Realtime Calibration

The PIR Zeroing (Realtime Calibration) feature enhances the Butlr Calibration System by automatically detecting when rooms are empty using Passive Infrared (PIR) motion sensors. This automated approach generates zero-occupancy calibration points without manual intervention, significantly improving the accuracy of occupancy tracking by correcting sensor drift more frequently throughout the day.

Overview

PIR Zeroing leverages the motion detection capabilities of PIR sensors to identify periods when a room is unoccupied. When all PIR-enabled sensors in a room detect no motion for a configurable duration, the system automatically creates a calibration point marking that time as zero occupancy. This complements existing calibration methods by providing additional correction points between manual counts and operational day boundaries.

How PIR Zeroing Works

Motion Detection Process

PIR sensors continuously monitor for human presence by detecting infrared radiation changes.
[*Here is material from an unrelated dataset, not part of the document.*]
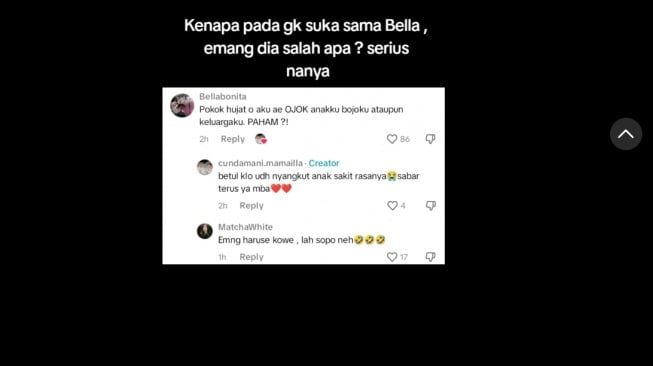 Bella Bonita geram dengan netizen yang hujat anak dan suaminya (TikTok @salmonkalid)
The system analyzes this data to identify absence periods:

1. Sensor Monitoring: PIR sensors report confidence values (0.0 to 1.0) indicating motion detection

2. Absence Detection: Values below the configured threshold indicate no human presence

3. All-Sensor Agreement: All PIR-enabled sensors in a room must show absence simultaneously

4. Duration Validation: Absence must persist for the configured time window

5. Calibration Point Generation: System creates a zero-occupancy point at the start of the absence period

The system includes sophisticated logic to prevent incorrect zero-occupancy calibration:

Scenario: PIR sensors may incorrectly detect absence while people are still exiting the room.

Solution: The drift correction algorithm analyzes occupancy patterns after PIR zero points. If it detects exit events (negative occupancy changes) immediately following a PIR zero point, it recognizes this as a false positive and excludes that calibration point from processing.

Result: Only valid empty-room periods generate calibration points, maintaining data integrity.

Configuration

PIR Zeroing is configured through four GraphQL fields that control its behavior at both room and sensor levels.

Room-Level Configuration

pir_zero_enable (Boolean)

Controls whether PIR Zeroing is active for a specific room.

• Type: Boolean

• Default: false

• Description: When true, the room will use PIR motion data to generate zero-occupancy calibration points

pir_zero_threshold (Float)

Sets the confidence threshold below which sensors indicate no human presence.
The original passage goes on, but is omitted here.